Let's be frank. If you live in modern society your existence kills animals. Your home is on land that could have housed animals. Your food comes in trucks that run over animals. The farms that make your food slaughter insects by the millions, dismember worms, groundhogs, and other underground critters, and wipe out forest habitat. Your clothes and vehicles and everything else you have also comes from processes that wipe out animals.
Your very life is perched on a gigantic mountain of dead creatures. Doesn't matter how environmentalist you are, how vegan you are, or how much it bothers you. The only way to stop murdering other creatures for your own life to continue is to die.
Deal with it.
So given that we can't avoid being mass murderers of animals just by living in the society we live in, what are we to do?
We could decide that animal lives are clearly irrelevant and tuck into veal cutlets for every meal while throwing away as much waste as possible.
But we could also be thinking creatures and realize that we can't avoid the carnage we cause but we can minimize it. Nobody can claim to be pure, causing no death and suffering by their passage, but we can work on ways to try to make the devastation we all leave behind a little less.
Being vegetarian is a fine way to do that. A cow takes up far more cropland than veggies do, so vegetarians leave far less death behind them even if you ignore the death of the meat animal itself.
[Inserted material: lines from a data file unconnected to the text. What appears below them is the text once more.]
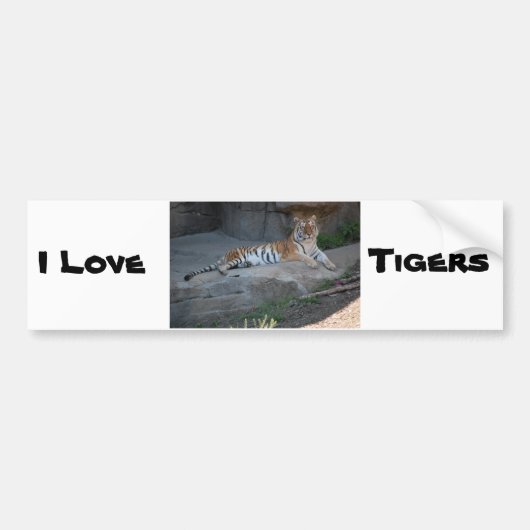 Bengal Tiger Love Bumpersticker (Voorkant)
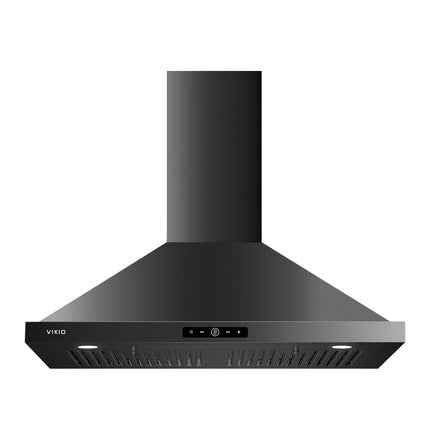 30 in. 500 CFM Ductless Convertible Wall Mount Range Hood in Stainless Steel with LED Lights, Filter and Touch Control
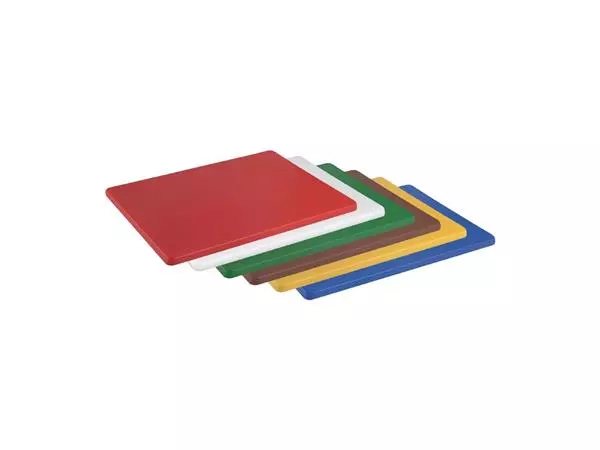 Een Hygiplas LDPE snijplank groen 30,5x22,9x1,2cm koop je bij ShopXPress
There are also strong arguments for vegetarianism from an environmentalist standpoint for basically the same reasons.
The two main reasons I see for people advocating vegetarianism are environmentalist and animal rights related. Both have the same sort of structure though, for my purposes. In our lives we destroy animals and do environmental damage whether we want to or not. Also in both cases we can lessen that damage.
The trick is to not get caught up on any one thing, to my mind. We don't have infinite energy, money, or attention. We can't reduce the animal impact of our eating to zero, so absolutes like "It is wrong to kill animals for our food" aren't useful in the real world. However, we certainly can take steps to try to make our impact less and each person is going to have different ways they try to do that. Different people have different compromises that they can manage.
Some people can manage not eating meat. Some can use no plastic. Some can never fly in a plane. The trick, I think, is to get away from absolutes. It isn't that flying is right or wrong, it is that it has problems we should acknowledge. Same goes for so many other things. We should look at people with the expectation that they make real, serious attempts to make the world better in the ways that make sense for them, even if those ways aren't the ways we ourselves choose.